# WHAT IS NEEDED:
Whatever lies between the line that holds "Шкаф белый для однжды, месяц использования" and the final line of the records below, both included, should be repeated exactly; leave out the pictures and add nothing.

»»

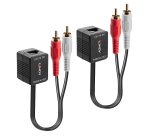 Lindy 70460 extensor audio/video Transmisor de señales AV Negro, Rojo, Blanco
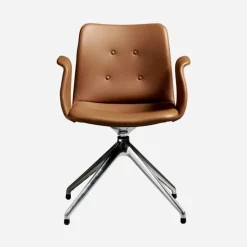 Bent Hansen Primum Armstol Poleret Stel Zenso 223 Læder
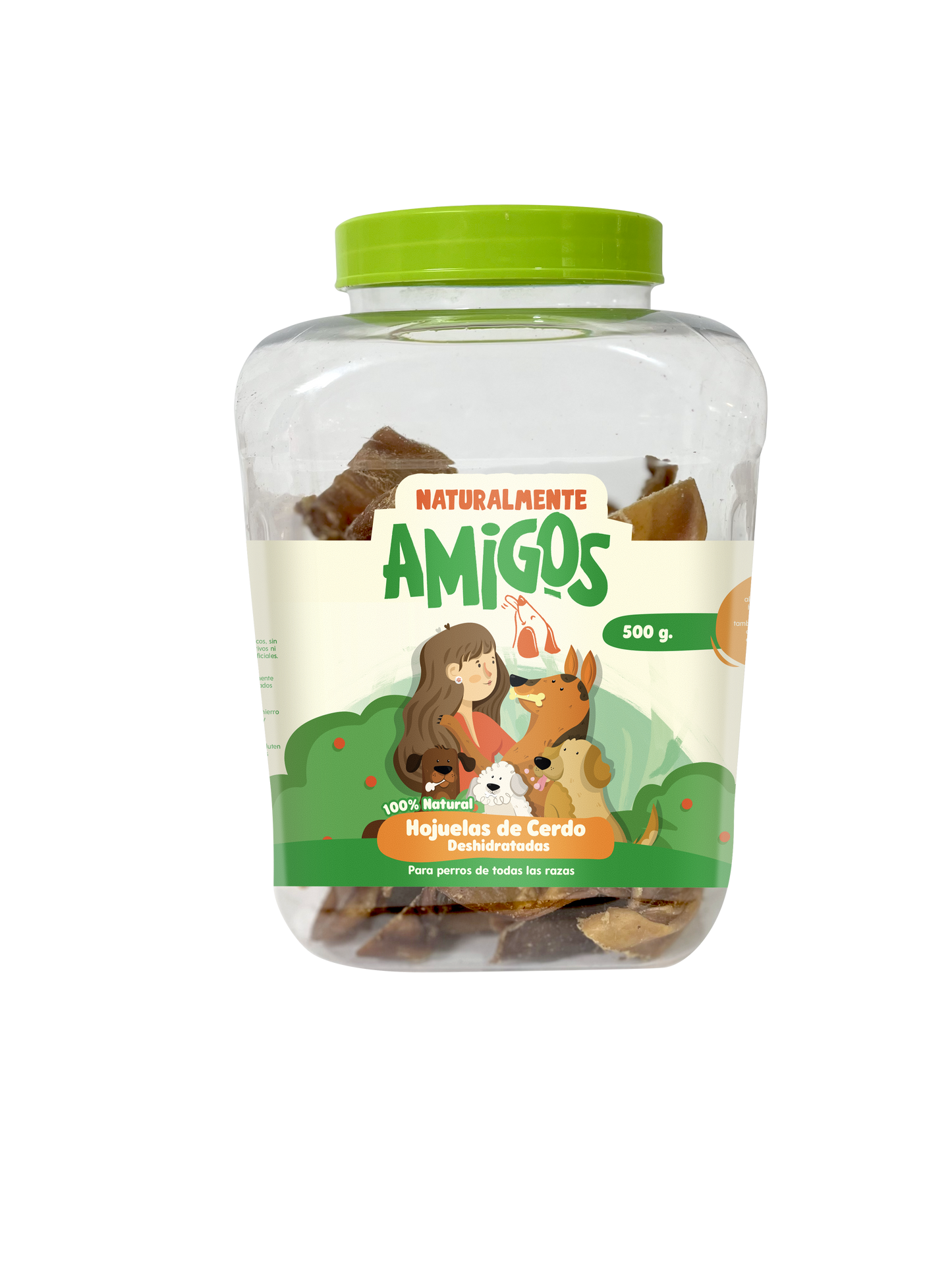 Hojuelas de Cerdo Deshidratadas para Perros | Snack Natural, Crujiente y Rico en Proteína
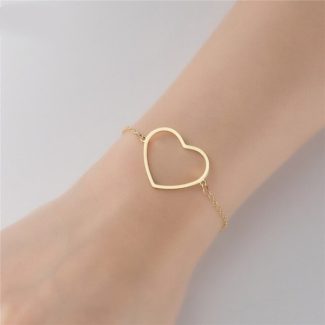 Heart Bracelet, Big Hollow Heart Bracelets, Love Bracelet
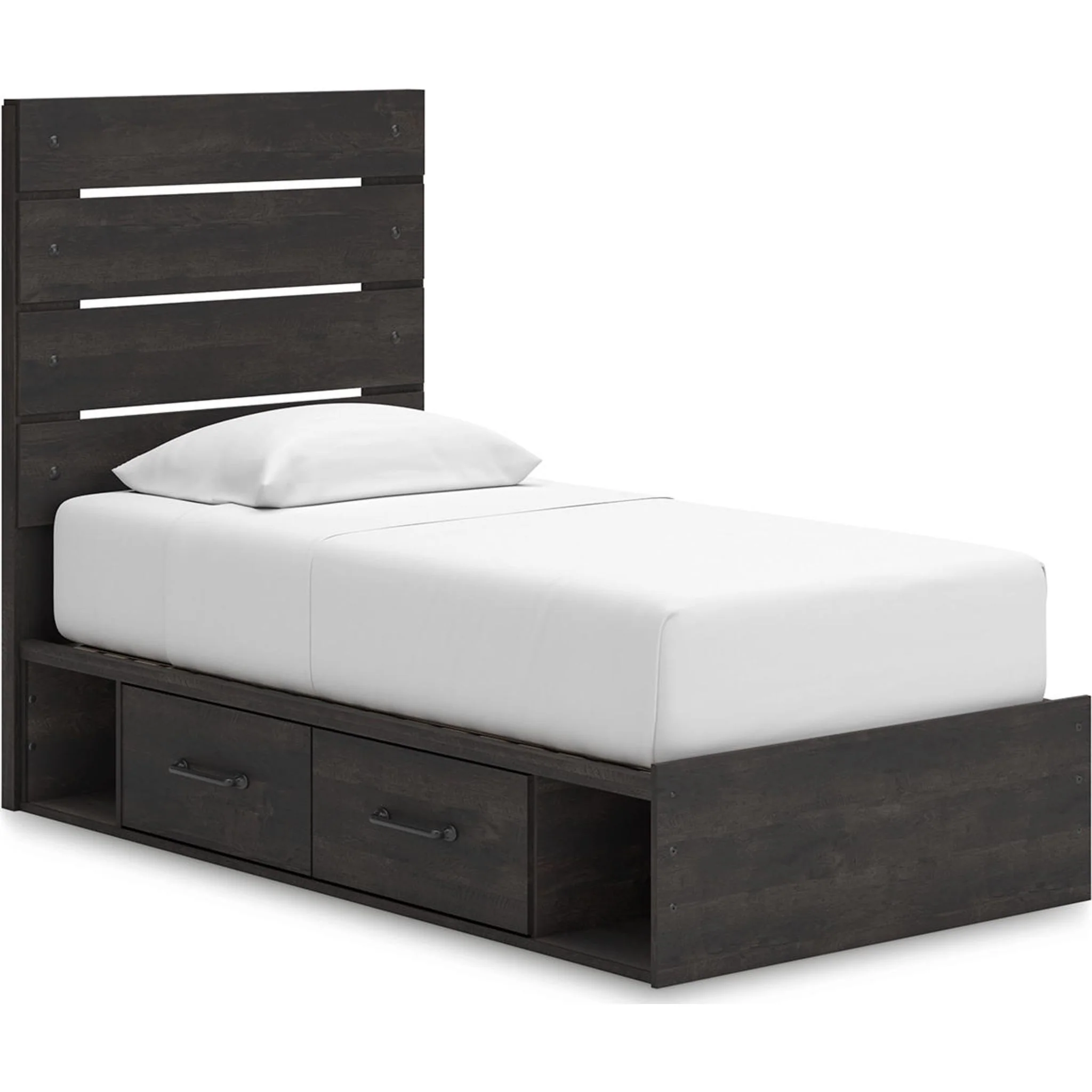 Hollivern 6 Piece Twin Storage Bedroom - Dark Gray - Image 14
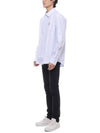 Contour Fox Head Casual Long Sleeve Shirt Blue - MAISON KITSUNE - BALAAN 5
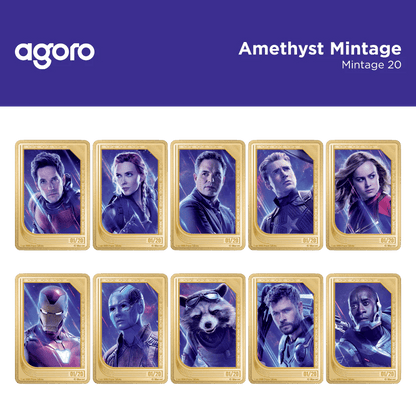 Marvel Studios: The Infinity Saga Trading Coins amethyst mintage - Agoro New Zealand Mint 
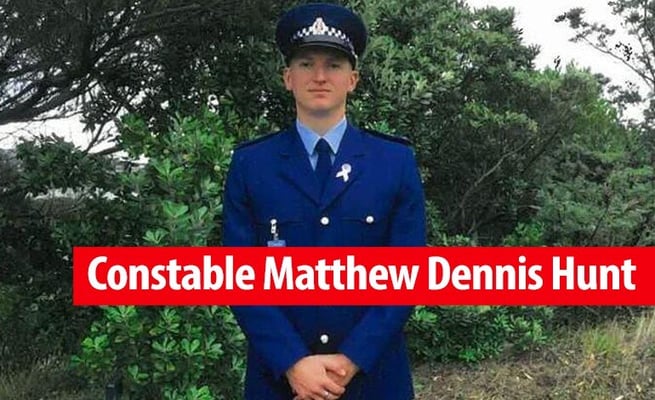 Police name slain officer as Constable Matthew Dennis Hunt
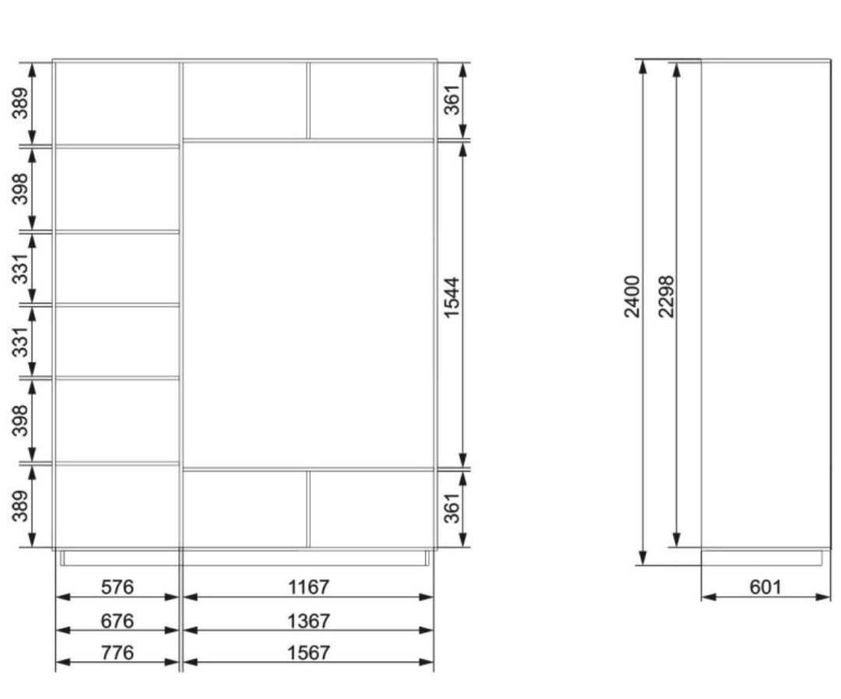 Шкаф белый для однжды, месяц использования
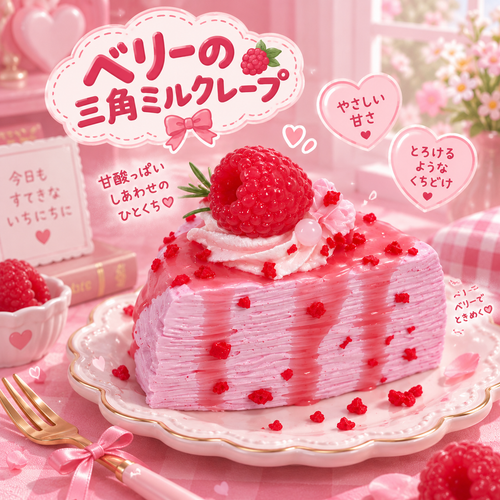 【Punimelo】三角ミルクレープ スクイーズ 全4種｜もちもちやわらか触感・シリコーン製・ハンドメイド
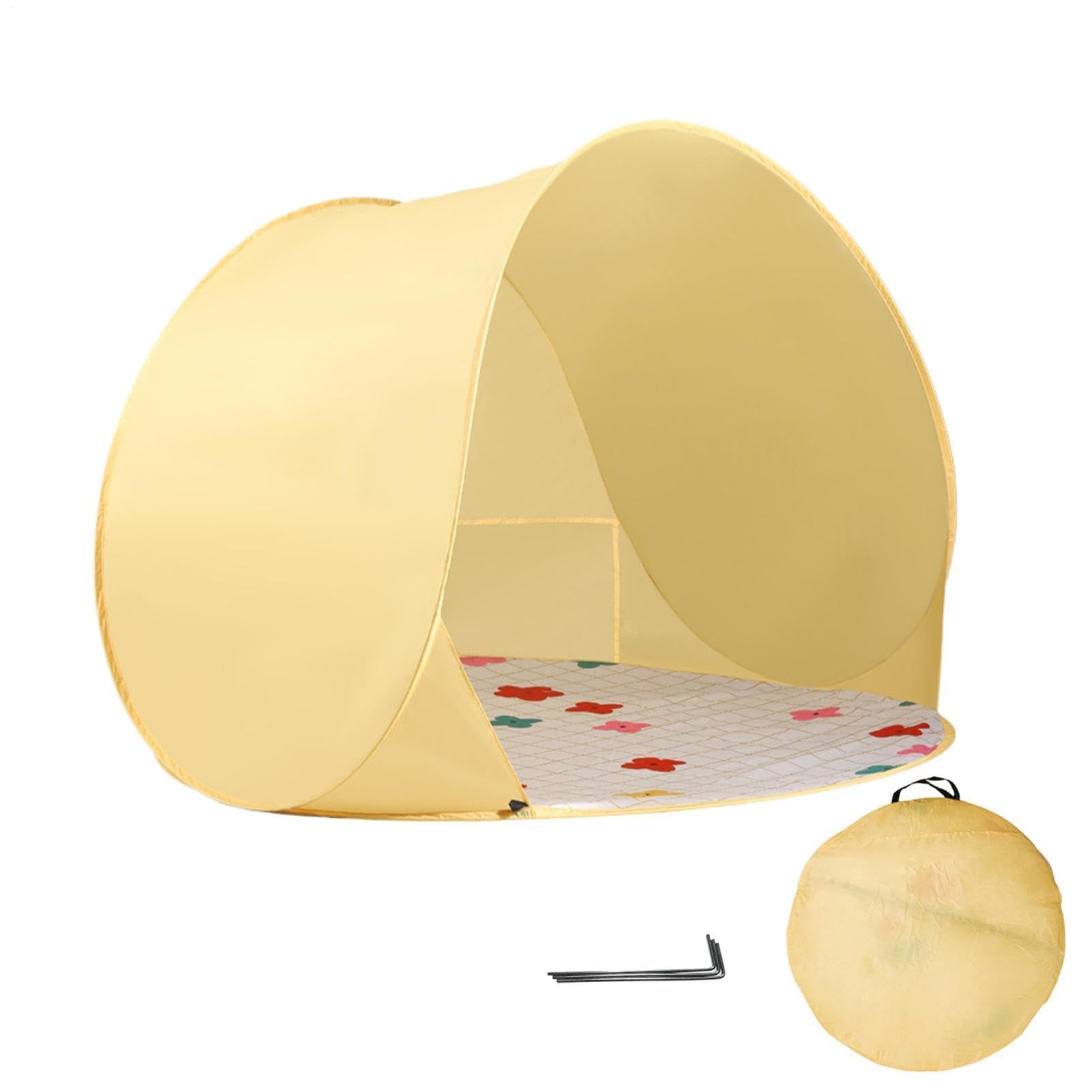 Tenda da campeggio per bambini all'aperto, portatile, facile da installare, tenda da campeggio all'aperto, per bambini in età prescolare, fratelli, cortile, spiaggia, parco giochi, viaggi, vacanze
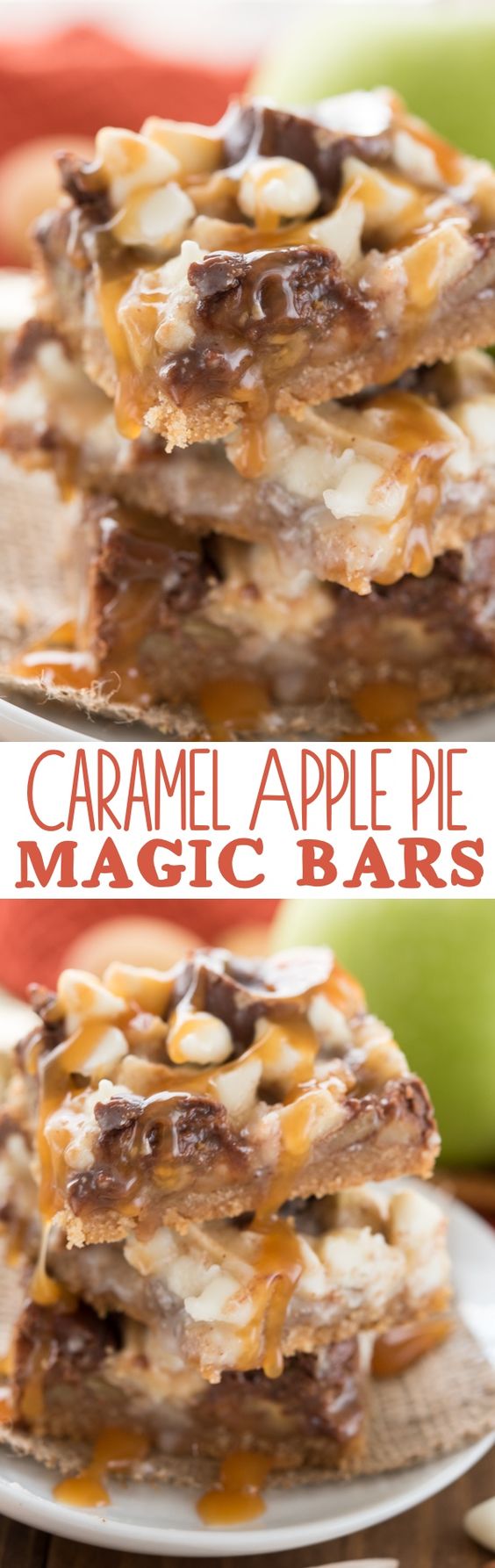 Thanksgiving Desserts: Caramel Apple Pie Magic Bars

««

# SOLUTION:
 Шкаф белый для однжды, месяц использования
 【Punimelo】三角ミルクレープ スクイーズ 全4種｜もちもちやわらか触感・シリコーン製・ハンドメイド
 Tenda da campeggio per bambini all'aperto, portatile, facile da installare, tenda da campeggio all'aperto, per bambini in età prescolare, fratelli, cortile, spiaggia, parco giochi, viaggi, vacanze
 Thanksgiving Desserts: Caramel Apple Pie Magic Bars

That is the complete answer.